PUBLISHED : Thursday, 07 July, 2005, 12:00am
UPDATED : Thursday, 07 July, 2005, 12:00am
 

Starring: Matthew McConaughey, Steve Zahn, Penelope Cruz, Lambert Wilson


Director: Breck Eisner


Category: IIA


Matthew McConaughey has long skirted super stardom, making his way on a little bit of talent and a whole lot of charm. He seems best in smaller roles (Lone Star), but worse when he's made to carry a film (Reign of Fire, How to Lose A Guy In 10 Days, and even Edtv). It hasn't helped that these projects have been lame ducks.


Enter Sahara and, you would think, a chance for McConaughey to create a franchise for himself as the cavalier adventurer Dirk Pitt, fresh from the pages of the Clive Cussler novels. It's a pretty good match for the actor too - the role seems made to measure. The pity is that the film is so uneven, coming across as a B-grade Indiana Jones, without a genius like Steven Spielberg at the helm to lift things above the ordinary.

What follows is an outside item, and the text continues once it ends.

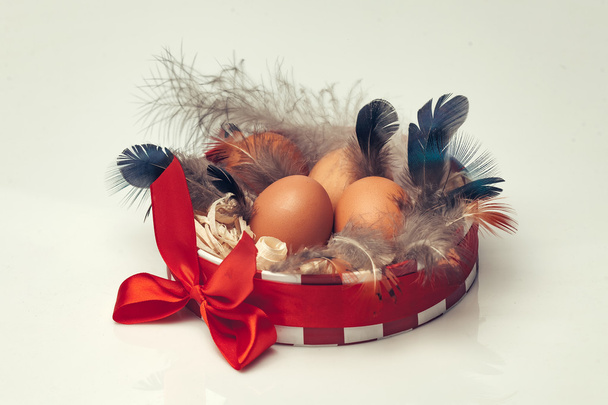 Huevos en caja redonda decorativa
 - Foto, Imagen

Pitt is on a crusade to find a lost civil-war ironclad ship - and it leads him to the wilds of Africa (don't ask) where his motley crew (including the wise-cracking and scene-stealing Steve Zahn) come to the rescue of a doctor (Penelope Cruz going through the motions) who has happened upon a plague-like outbreak stemming from somewhere in the Sahara.

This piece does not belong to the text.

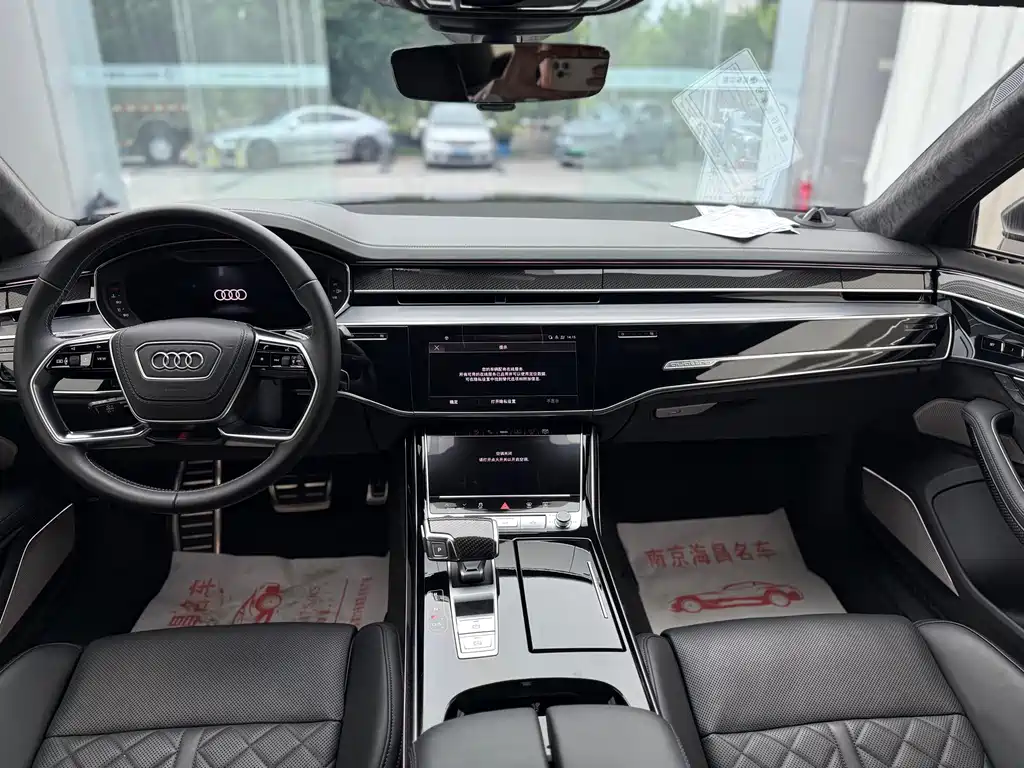 Audi S8 — фото 5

There's a bunch of nasties - including rent-a-Euro Lambert Wilson (The Matrix Reloaded) - up to something that has to do with toxic waste and our hero must deal with them before escaping.


The story races at you at breakneck speed, so you never get a chance to figure out what's going on. Which is probably a good thing, as when you have time to reflect, there's little to no sense to it all. Boat chases, desert ambushes and some weirdness involving a downed plane that's turned into an unlikely mode of escape keep the action quota up - and McConaughey looks like he's having fun.

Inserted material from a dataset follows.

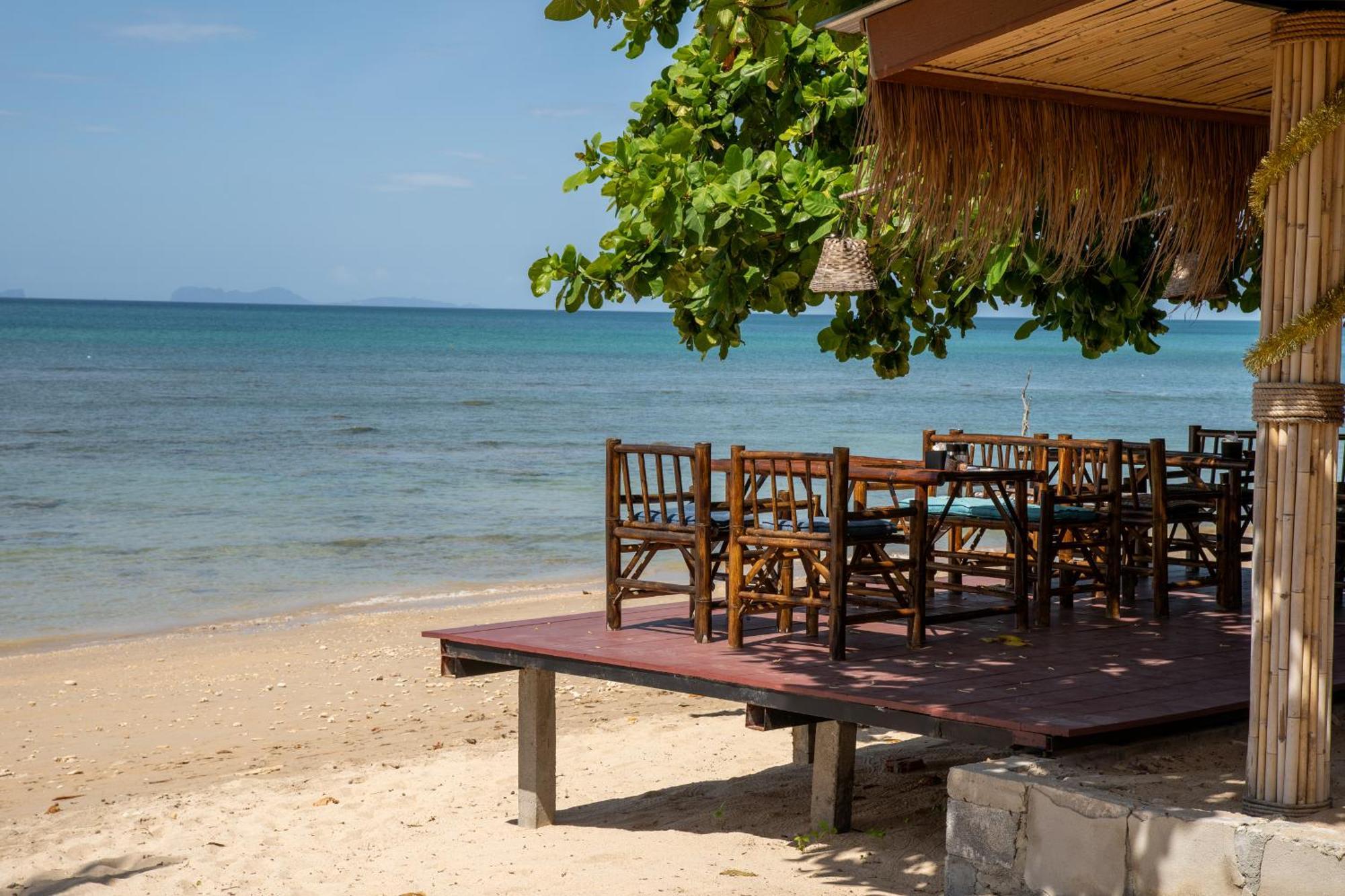 Isara Lanta Beach Resort Ko Lanta Eksteriør bilde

The obnoxious southern rock soundtrack seems at odds with the African setting, but it's obvious the filmmakers weren't expecting anyone to take any of it seriously. After the self-importance that stymied War of the Worlds, though, it's nice to see a bit of stupidity that's occasionally entertaining.


It's loud and it's dumb - but it's also sometimes a bit of fun.